**Work to be completed:** Find the line that contains "Preparation of bismuth-doped". Repeat that line and all lines following it, exactly, through the end of the listing below.
━━ Data for processing ━━
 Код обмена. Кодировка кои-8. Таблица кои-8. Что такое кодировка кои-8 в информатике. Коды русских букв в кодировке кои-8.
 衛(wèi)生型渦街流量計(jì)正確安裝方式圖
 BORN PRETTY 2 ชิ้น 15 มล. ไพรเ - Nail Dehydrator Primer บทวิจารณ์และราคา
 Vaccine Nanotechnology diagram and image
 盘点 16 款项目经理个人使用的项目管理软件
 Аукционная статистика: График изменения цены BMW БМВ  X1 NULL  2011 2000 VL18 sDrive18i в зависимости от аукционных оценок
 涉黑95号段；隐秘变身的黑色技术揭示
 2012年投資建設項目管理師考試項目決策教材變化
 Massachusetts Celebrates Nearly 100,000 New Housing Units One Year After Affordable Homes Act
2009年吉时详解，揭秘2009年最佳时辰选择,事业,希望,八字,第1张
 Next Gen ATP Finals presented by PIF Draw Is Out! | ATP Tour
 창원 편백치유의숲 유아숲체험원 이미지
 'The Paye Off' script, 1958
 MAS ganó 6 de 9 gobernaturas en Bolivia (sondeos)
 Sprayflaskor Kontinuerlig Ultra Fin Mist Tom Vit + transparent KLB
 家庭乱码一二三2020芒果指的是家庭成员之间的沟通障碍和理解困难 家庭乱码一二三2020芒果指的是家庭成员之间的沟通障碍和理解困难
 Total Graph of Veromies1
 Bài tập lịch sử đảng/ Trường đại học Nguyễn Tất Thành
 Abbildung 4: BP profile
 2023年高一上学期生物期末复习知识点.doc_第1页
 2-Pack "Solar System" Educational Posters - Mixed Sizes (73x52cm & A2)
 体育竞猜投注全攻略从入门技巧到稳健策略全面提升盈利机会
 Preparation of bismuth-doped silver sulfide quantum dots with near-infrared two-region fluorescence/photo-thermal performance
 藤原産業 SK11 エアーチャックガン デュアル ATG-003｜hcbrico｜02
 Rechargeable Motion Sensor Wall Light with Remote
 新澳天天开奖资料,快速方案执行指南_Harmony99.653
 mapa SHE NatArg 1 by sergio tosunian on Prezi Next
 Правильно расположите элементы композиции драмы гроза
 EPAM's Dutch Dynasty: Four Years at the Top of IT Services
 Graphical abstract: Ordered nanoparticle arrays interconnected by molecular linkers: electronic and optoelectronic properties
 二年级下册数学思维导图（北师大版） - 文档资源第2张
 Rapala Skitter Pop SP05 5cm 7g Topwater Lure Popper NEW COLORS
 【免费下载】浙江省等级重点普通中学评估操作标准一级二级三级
━━━
**Exercise response:**
 Preparation of bismuth-doped silver sulfide quantum dots with near-infrared two-region fluorescence/photo-thermal performance
 藤原産業 SK11 エアーチャックガン デュアル ATG-003｜hcbrico｜02
 Rechargeable Motion Sensor Wall Light with Remote
 新澳天天开奖资料,快速方案执行指南_Harmony99.653
 mapa SHE NatArg 1 by sergio tosunian on Prezi Next
 Правильно расположите элементы композиции драмы гроза
 EPAM's Dutch Dynasty: Four Years at the Top of IT Services
 Graphical abstract: Ordered nanoparticle arrays interconnected by molecular linkers: electronic and optoelectronic properties
 二年级下册数学思维导图（北师大版） - 文档资源第2张
 Rapala Skitter Pop SP05 5cm 7g Topwater Lure Popper NEW COLORS
 【免费下载】浙江省等级重点普通中学评估操作标准一级二级三级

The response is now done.